I grew up using Apple products and eventually became interested in the soul behind the company - especially it’s rebirth upon Steve Jobs' return in the late 90‘s. It seems that Apple’s success stems from a focus on quality - and I imagine that this is in no small part due to Steve Jobs. Quality vision, quality business management, quality products, and quality marketing.
I also think that Apple’s success reminds us of the importance of visual elegance. Apple’s user interface and product design have always been a joy to work with - in fact, even unpacking an Apple product is blissfully aesthetic. And Steve Jobs had his hand in much, if not all, of that - he brought us fonts on our computers and personally holds packaging patents (along with over 300 other design and operational patents). He cared about design. . . In one instance a completely superfluous screw was installed in a computer’s case so that it balanced with the other side of the machine. And not only did the outside and inside hardware have to look good, but the actual computer code did too. On and on it goes. So does Apple place form over function? No, anyone who has used one of their beautiful products has to concur with Steve . . . “it just works.” He also cared about details . . . it has been said that he would obsess over the getting the right color of green to be used in a keynote presentation slide and at times he, the CEO, determined the curve of the bevel on the corner of a computer.
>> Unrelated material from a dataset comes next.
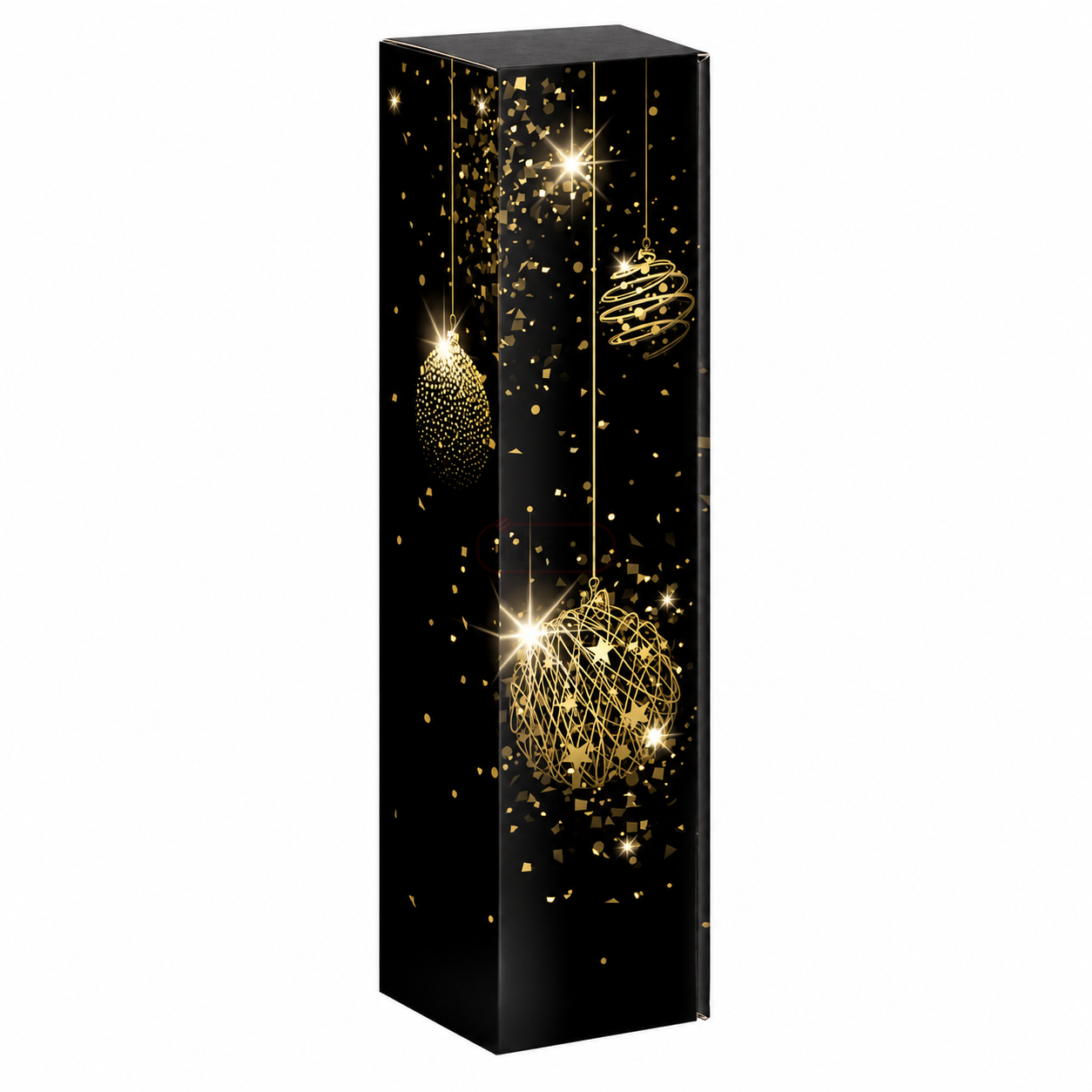 Świąteczne pudełko prezentowe Christmas DELUXE na butelkę 0,75 l czarne ze złotym wzorem.png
Yet while he was very detail oriented, he also excelled in opening our minds to grand possibilities.
Every time he spoke there was a positive energy about some sort of growth. He made things happen. Even his failed company NEXT became the underpinnings of Apple’s highly praised UNIX based OS.
His management style was very creative - perhaps a bit harsh from stories of those close to him - but was focused on quality. I’ve read many articles about Apple’s methods and find them very focused and designed to produce quality - such as the method of developing a product with all teams on board and the number of initial concept designs required and the number of prototypes created. It seems that Steve was never afraid to sacrifice something good in order to achieve the best - such as the late-hour complete redesign he engineered of the Apple brick and mortar store model that has proved successful beyond anyone’s expectations.
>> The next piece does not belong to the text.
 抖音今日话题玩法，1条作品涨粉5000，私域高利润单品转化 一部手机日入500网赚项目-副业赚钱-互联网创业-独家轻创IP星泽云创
I guess that’s why I’m sad - we’ve lost a visionary who cared about quality and was in a position of influence. His influence has been felt around the world and is so noticeable because so many of Apple’s products are communication tools.
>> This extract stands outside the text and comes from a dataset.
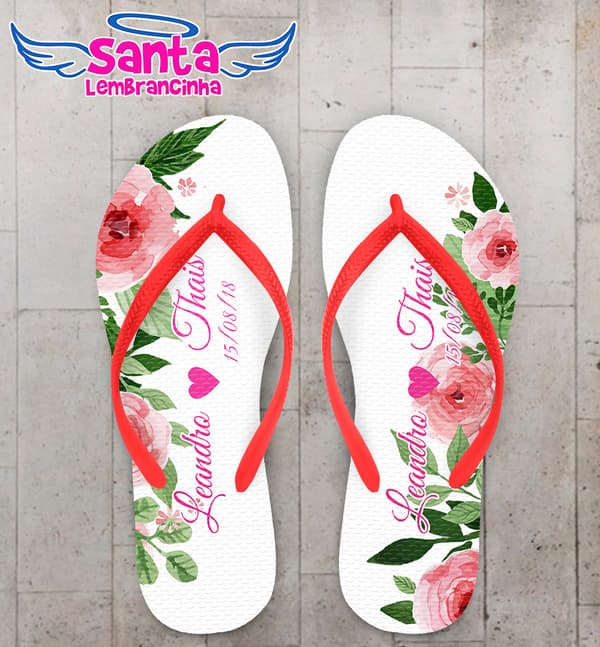 Chinelo Personalizado Casamento com Flores COD 6239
I don’t believe life ends at death - I believe that we each stay who we are as we move into another sphere of existence. Products get old (who cares about the 1st generation iPod anymore), but talents, relationship and management skills, values, discipline, work ethic, knowledge, experience and one’s character, among other things, do go with us into the next life - and even as I hope Steve is productively engaged even now - I know that here we miss him.